When a user saves an ODF or Flat ODF document, LibreOffice currently also saves a config-item set of "view settings": <config:config-item-set config:name="ooo:view-settings"> this lets whoever reads the file know which part of the file the file the saving user was last focusing on, and at what zoom level. In most cases, this may be of little consequence. However, in some cases, the saving user may not want to share this information with others. For example, two parties are negotiating a long contract. The last part of the contract one party was looking at may indicate to ther other party something they had on their mind, which they may not want to share. This is one, privacy-related, reason why saving view information without informing the user is problematic. A second reason has to do with the fact, that the saving user may not want a person opening the file to have their view focused on some particular part of it, just because the saving user was last looking at it. They may well prefer that the opening user would see the beginning of the document, as though they had never seen the document before (which, in fact, is the case). A third and final reason is that the view settings are application-specific; and a user may want to save a "universal" ODF file free of application-specific settings.
(In reply to Eyal Rozenberg from comment #0) > A second reason has to do with the fact, that the saving user may not want a > person opening the file to have their view focused on some particular part > of it, just because the saving user was last looking at it. They may well > prefer that the opening user would see the beginning of the document, as > though they had never seen the document before (which, in fact, is the case). Note that this specific concern (only) is moot, because the mechanism of automatic scrolling to the last view is implemented to only work when (1) the last edit author name is saved in the document, and (2) it's the same as the data of the current user. The reasoning is exactly that the last position is only of interest to the author, not to others. So - either when there is no author data (they didn't fill their user name, or stripped that away), or no current user data, or they are different - the scrolling to the last view will not happen.
(In reply to Mike Kaganski from comment #1) Point taken. The two other motivations remain.
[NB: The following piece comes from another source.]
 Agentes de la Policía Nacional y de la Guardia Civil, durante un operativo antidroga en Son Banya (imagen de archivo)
File > Properties: [ ] Apply User Data should do the trick. There is also a setting under Tools > Options > Security: Options "[ ] Remove personal information on saving". Otherwise, duplicate of bug 159130 "Add option to remove personal information from documents at runtime"
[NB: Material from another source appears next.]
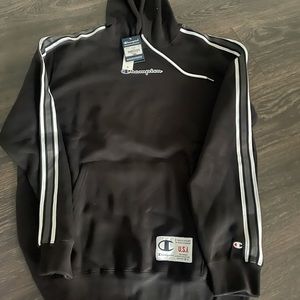 Champion sweatshirt Mens.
(In reply to Heiko Tietze from comment #3) > File > Properties: [ ] Apply User Data should do the trick. It is about reading, not writing, IIRC. > There is also a setting under Tools > Options > Security: Options "[ ] Remove > personal information on saving". It may be useful to extend what it controls. Currently, I believe, it doesn't cover this.
(In reply to Heiko Tietze from comment #3) > File > Properties: [ ] Apply User Data should do the trick. Oh, you're saying that if we uncheck that, the view information is not saved? But - view information is not "user data"... Or, if it is considered user data - users are unlikely to understand this applies to view settings. Moreover, the discoverability here is too weak. Users who are not strongly aware such information is saved will not seek it out; and even if they do, they may fail to enter "File properties" for this purpose. > There is also a > setting under Tools > Options > Security: Options "[ ] Remove personal > information on saving". Same points as before: * view information is not what users will consider to be personal data * Low discoverability > Otherwise, duplicate of bug 159130 "Add option to remove personal > information from documents at runtime" That bug is a bit shapeless IMNSHO... I just commented there. What I think I'd like to see is a toggle in the File > Save... dialog, for this. And if we add toggles for a few other kinds of potentially-sensitive information to that dialog, then - either we have an expandable section with toggles for different things; or we have one toggle for all potentially-sensitive data. ---- Also, it might be a good idea to have a discussion about the privacy-and-what-gets-saved issue a bit more broadly than the scope of just a single bug. And it would probably be a good idea to have more voices in that discussion. ESC session? Design meeting with effort to get more participants? Discourse thread? Something else?